In this election, Americans have even managed to turn disenfranchisement into a partisan issue. Shouldn't we all want as many people as possible to exercise their right to vote? After all, if you don't exercise it, it could atrophy.

Voter disenfranchisement seems less of a concern today than voter disillusionment.

The popular sentiment in South Florida for weeks has been "¡No puedo esperar hasta que se acaba esta mierda!" Which is Spanish for, "I can't wait until this shit is over!" Voters are afflicted with a form of PTSD or PESD (post-election stress disorder or PRE-election stress disorder, in this case). When you ask people today, "Are you happy Obama won?" The typical response is, "I'm just happy it's over."

There's a profound malaise after the most expensive and, what felt like, the longest, most divisive and least productive election in modern history.

Think of all that America could accomplish with the resources and money—the estimated $6 billion—spent on these political campaigns.
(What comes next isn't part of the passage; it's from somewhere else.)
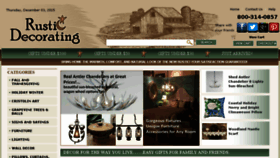 What Rusticdecorating.com website looked like in 2016 (7 years ago)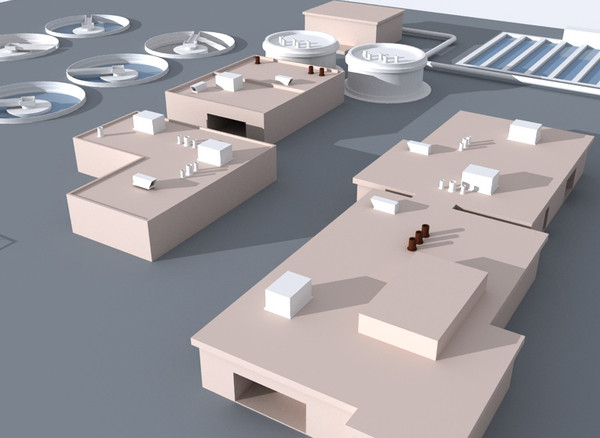 3d max water treatment plant - Water Treatment Plant by yusuf joher taherali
On an effort that ultimately swayed nobody. Well, okay, that amount of money would only keep the federal government going for about a day. But I'm talking about all the good it could do in the hands of responsible Americans, not the people who run our country. Instead of, say, spending it on the most expensive collection of diss track mixtapes in history, by way of TV spots, mailers, billboards, et al. I received so much spam from Barack Obama the last week, you'd think he was selling penis enlargement pills. If the president could create jobs the way his campaign created spam, the election would have been over before it started.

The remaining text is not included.